Facebook (like every other platforms) touts its content moderation and content removal numbers really well. Here’s just a sample from the last few months:

These numbers in theory sound great. Who wouldn’t want millions of posts with hate speech removed? Who would be opposed to remove dangerous terrorists off the platform?

However, this is deception and manipulation. This is Facebook PR telling you that only Facebook can solve problems of content moderation because of its scale (without realizing that the scale is what caused these problems).

What never gets answered in these press releases is what reach these posts had before they were taken down. You may have heard of Facebook removing the Plandemic propaganda, but what you may not have heard about is that it only happened after the video was viewed millions of times. In other words, the damage was already done.

Facebook wants you to know that it took down millions of posts spreading coronavirus misinformation. But what it won’t tell you is how many people saw those posts, and how many people believed them enough to share them. Facebook won’t tell you how many people were harmed in real life due to its inaction.

Facebook wants you to know that it removed hundreds of white nationalist terrorists from its platform. But it won’t tell you how many other people were already manipulated by those accounts. It won’t tell you what their “reach” was. It won’t tell you how many other people were brainwashed into taking arms before they were banned.

The other thing Facebook refuses to do is correct the record after taking punitive action against its users. If you see a false coronavirus post that Facebook later deletes, you won’t see a correction to the earlier post. The net effect of that is that the platform lets misinformation spread faster than it ever could, eventually takes it down (sometimes), but never corrects it. The damage is done! 1 2

So what’s the solution? Facebook will have you believe that its elusive AI-based content moderation will solve the problem of policing the platform. The fact of the matter is that no algorithm is going to work. Even with a 99% accuracy rate ― which may never happen ― we’re talking about millions of dangerous users and posts being left up for hours, or days, or forever.

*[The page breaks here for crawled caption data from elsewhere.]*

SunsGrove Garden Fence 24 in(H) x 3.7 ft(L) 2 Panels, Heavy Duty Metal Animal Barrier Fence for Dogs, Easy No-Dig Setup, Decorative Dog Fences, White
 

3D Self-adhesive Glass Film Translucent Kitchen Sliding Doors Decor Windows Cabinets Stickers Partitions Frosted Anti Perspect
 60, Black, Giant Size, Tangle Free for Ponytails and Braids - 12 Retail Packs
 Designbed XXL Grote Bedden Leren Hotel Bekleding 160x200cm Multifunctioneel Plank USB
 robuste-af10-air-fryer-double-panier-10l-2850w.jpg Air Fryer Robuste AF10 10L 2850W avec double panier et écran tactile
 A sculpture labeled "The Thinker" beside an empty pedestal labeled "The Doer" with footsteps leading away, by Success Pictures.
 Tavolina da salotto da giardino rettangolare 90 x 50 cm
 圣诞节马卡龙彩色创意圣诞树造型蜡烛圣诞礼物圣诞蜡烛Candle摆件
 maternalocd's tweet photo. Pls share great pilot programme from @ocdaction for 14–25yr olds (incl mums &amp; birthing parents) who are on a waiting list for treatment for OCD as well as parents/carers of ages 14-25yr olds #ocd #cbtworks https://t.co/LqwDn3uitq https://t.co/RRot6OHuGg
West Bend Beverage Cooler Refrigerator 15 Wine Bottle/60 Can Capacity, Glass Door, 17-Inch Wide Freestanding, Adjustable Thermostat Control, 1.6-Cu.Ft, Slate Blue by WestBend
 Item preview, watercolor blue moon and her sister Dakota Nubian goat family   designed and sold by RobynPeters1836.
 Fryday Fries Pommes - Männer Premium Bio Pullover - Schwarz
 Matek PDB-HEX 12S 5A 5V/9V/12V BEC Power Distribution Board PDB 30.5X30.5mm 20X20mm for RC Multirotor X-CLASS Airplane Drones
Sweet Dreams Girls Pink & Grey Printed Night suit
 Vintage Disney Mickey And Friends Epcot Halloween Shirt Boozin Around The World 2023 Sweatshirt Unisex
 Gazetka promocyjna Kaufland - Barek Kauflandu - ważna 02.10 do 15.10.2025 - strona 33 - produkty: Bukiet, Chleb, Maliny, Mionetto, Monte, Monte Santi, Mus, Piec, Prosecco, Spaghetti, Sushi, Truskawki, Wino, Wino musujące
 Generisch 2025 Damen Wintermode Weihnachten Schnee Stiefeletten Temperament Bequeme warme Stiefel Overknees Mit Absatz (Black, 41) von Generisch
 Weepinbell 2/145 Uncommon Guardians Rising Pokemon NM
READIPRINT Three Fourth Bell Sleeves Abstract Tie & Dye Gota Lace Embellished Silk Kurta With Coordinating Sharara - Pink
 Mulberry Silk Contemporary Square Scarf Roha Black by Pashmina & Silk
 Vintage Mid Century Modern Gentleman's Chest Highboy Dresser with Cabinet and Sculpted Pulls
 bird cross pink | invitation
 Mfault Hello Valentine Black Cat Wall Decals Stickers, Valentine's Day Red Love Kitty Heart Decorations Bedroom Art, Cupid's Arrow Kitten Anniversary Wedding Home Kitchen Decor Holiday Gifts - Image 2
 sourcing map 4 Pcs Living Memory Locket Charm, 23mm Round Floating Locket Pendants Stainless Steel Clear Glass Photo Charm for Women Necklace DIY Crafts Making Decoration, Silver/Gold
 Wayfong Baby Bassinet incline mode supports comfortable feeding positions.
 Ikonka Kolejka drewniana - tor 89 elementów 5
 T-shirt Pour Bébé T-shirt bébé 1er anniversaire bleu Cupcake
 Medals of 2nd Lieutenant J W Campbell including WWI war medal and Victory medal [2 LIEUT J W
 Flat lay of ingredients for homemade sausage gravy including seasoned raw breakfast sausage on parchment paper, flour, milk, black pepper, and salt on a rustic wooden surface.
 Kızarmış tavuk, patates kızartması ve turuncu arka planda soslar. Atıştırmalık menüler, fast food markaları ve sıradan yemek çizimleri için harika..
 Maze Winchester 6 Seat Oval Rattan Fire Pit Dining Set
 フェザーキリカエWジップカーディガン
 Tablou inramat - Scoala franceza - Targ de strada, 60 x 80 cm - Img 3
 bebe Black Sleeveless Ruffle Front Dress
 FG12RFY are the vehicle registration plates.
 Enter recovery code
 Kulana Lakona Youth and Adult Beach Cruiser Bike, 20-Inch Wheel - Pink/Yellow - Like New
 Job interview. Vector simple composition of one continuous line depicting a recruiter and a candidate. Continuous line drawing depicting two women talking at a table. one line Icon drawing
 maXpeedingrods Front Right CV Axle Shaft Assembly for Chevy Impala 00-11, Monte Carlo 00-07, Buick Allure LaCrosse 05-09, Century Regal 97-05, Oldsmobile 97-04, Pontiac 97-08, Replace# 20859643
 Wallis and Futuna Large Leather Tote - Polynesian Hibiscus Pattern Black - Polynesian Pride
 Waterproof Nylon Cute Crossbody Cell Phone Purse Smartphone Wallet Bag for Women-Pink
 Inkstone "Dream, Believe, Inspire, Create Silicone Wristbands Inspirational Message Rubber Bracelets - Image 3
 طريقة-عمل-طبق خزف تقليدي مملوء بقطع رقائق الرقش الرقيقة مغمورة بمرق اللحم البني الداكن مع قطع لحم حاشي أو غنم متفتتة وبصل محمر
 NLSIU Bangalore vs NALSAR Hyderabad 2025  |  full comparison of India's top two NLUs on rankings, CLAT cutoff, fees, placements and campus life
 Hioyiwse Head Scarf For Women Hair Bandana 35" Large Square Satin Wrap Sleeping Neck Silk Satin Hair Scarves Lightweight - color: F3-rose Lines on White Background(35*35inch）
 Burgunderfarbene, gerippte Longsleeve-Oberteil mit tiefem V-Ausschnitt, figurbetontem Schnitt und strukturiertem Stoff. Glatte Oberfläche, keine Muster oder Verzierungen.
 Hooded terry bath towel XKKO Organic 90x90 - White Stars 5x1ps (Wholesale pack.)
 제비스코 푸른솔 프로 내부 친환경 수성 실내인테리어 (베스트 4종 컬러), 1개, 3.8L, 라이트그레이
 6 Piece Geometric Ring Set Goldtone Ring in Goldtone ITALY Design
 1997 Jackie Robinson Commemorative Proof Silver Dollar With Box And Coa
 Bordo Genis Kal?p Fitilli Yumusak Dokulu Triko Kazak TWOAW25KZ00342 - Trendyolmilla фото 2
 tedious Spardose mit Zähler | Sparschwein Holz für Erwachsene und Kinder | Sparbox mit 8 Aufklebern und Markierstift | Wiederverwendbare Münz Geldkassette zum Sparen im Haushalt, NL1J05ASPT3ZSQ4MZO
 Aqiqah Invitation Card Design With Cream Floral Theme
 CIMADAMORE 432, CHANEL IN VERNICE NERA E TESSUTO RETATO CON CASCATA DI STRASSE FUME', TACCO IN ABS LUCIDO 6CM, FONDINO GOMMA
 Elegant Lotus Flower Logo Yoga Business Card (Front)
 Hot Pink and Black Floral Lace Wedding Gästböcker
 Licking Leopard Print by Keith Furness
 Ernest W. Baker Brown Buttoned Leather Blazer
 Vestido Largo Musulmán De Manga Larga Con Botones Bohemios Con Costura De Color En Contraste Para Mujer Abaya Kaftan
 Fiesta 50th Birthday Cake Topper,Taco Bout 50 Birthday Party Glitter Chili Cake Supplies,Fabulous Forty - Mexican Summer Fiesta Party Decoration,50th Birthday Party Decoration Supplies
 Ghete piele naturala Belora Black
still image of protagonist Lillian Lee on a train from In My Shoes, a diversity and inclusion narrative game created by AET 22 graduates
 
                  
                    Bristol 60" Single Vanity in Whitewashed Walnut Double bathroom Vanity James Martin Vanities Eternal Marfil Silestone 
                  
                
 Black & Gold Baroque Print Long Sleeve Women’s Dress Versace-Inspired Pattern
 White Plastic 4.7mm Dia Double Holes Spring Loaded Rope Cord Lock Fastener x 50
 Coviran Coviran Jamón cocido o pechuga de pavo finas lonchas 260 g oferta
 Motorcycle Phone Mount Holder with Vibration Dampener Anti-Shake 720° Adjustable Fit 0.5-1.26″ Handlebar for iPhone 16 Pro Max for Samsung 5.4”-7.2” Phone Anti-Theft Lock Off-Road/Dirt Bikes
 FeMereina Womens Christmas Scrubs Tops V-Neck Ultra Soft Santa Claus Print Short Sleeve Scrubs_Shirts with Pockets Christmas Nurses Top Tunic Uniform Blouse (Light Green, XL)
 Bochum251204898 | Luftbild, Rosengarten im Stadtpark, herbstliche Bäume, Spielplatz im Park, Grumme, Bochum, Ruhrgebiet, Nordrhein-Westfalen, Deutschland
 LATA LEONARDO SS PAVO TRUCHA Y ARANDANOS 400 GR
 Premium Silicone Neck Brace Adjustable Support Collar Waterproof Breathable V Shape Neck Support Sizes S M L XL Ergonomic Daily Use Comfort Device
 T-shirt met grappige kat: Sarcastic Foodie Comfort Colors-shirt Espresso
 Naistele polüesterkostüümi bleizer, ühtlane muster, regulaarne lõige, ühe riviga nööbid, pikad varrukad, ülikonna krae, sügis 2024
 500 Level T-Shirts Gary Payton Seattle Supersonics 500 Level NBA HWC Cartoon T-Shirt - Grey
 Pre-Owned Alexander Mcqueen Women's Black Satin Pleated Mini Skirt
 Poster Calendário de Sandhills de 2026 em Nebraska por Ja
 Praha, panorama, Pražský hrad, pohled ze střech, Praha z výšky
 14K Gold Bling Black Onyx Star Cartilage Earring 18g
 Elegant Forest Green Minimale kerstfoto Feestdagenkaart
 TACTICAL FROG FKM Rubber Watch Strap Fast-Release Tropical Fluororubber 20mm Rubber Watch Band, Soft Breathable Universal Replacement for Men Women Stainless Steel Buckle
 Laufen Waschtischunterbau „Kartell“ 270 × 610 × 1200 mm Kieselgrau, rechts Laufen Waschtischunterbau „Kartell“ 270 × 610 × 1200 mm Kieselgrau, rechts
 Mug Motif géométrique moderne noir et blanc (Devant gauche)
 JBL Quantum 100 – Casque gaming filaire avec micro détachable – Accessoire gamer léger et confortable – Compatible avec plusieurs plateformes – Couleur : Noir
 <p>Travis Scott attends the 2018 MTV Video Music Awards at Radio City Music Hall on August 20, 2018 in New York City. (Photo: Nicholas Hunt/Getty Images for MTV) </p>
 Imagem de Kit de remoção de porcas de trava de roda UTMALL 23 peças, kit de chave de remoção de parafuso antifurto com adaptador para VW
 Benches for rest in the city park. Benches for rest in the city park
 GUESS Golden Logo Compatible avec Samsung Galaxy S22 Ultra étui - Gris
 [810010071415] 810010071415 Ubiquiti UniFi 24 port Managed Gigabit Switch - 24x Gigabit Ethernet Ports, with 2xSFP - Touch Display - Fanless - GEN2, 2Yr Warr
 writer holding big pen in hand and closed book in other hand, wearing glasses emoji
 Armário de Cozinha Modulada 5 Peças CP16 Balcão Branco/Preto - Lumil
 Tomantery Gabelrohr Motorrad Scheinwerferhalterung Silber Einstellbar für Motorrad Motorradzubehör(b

No content moderation system is going to be perfect. Humans won’t be perfect, AI won’t be perfect. Short of shutting it down entirely ― which can be a net positive for humanity ― what may work is to limit the reach of any content, especially dangerous content across its network.

Facebook’s scale is the problem. It’s much easier for a teacher to manage a classroom of a dozen rowdy kids than a lecture hall of a thousand kids. Facebook has far too much power over far too much of the world’s population, and a solid re-thinking of the anti-trust framework may break that hold.

1: Facebook will show fact check notices next to some content, the fact check policies themselves are influenced by the company’s business interests.

2: Facebook must send notifications to users that have engaged in any form with misinformation and disinformation correcting the record.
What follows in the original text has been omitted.